LWN.net Logo

A look at rsync performance

A look at rsync performance

Posted Aug 19, 2010 9:15 UTC (Thu) by Liefting (subscriber, #8466)
In reply to: A look at rsync performance by ewen
Parent article: A look at rsync performance

For bulk copies like this, I tend to use tar over a shell pipe:

tar -cvf - * | (cd /someotherdir; tar -xvf -)

Or, when going through a network, tar in combination with nc:

receiver# nc -l 1234 | tar -xvf -
sender# tar -cvf - * | nc receiver 1234

I wonder how this stacks up against the other methods. At the very least it doesn't seem to be CPU-bound, but disk I/O bound or, in case of the network copy, network-bound.


(Log in to post comments)

A look at rsync performance

Posted Aug 19, 2010 9:55 UTC (Thu) by spaetz (subscriber, #32870) [Link]

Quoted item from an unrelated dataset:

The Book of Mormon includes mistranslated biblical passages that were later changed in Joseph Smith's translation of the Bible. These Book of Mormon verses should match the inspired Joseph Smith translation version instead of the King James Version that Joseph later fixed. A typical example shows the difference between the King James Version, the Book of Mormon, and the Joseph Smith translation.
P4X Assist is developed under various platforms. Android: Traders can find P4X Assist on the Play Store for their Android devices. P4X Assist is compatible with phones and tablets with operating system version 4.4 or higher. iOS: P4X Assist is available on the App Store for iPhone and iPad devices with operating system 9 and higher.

> tar -cvf - * | (cd /someotherdir; tar -xvf -

At the danger of becoming off-topic. Why would you do something like that over a simple "cp"? I honestly would be interested in learning why tar is better in that case.

A look at rsync performance

Posted Aug 19, 2010 10:35 UTC (Thu) by dafid_b (guest, #67424) [Link]

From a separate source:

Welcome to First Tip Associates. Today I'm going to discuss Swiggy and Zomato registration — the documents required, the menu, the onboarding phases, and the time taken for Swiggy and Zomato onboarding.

when done as root, the tar pipe preserves ownership details etc..

I dont think that is part of cp.

A look at rsync performance

Posted Aug 19, 2010 10:48 UTC (Thu) by spaetz (subscriber, #32870) [Link]

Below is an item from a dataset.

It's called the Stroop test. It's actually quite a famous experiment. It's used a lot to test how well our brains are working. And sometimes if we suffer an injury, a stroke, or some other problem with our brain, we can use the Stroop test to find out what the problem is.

I commonly use "cp -a" which includes --preserve=all: preserve the specified attributes: mode, ownership,time-stamps, context, links, xattr, all

but perhaps that is missing out things that tar manages to preserve. Not sure. Just curious in any case.

A look at rsync performance

Posted Aug 19, 2010 15:08 UTC (Thu) by bronson (subscriber, #4806) [Link]

It's a graybeard thing. 20 years ago, cp would screw up permissions, dates, ownership, symlinks, device files, etc. Different platforms would require different command-line options and then screw up different things. It was insane. Tar, on the other hand, pretty much got it right on every platform.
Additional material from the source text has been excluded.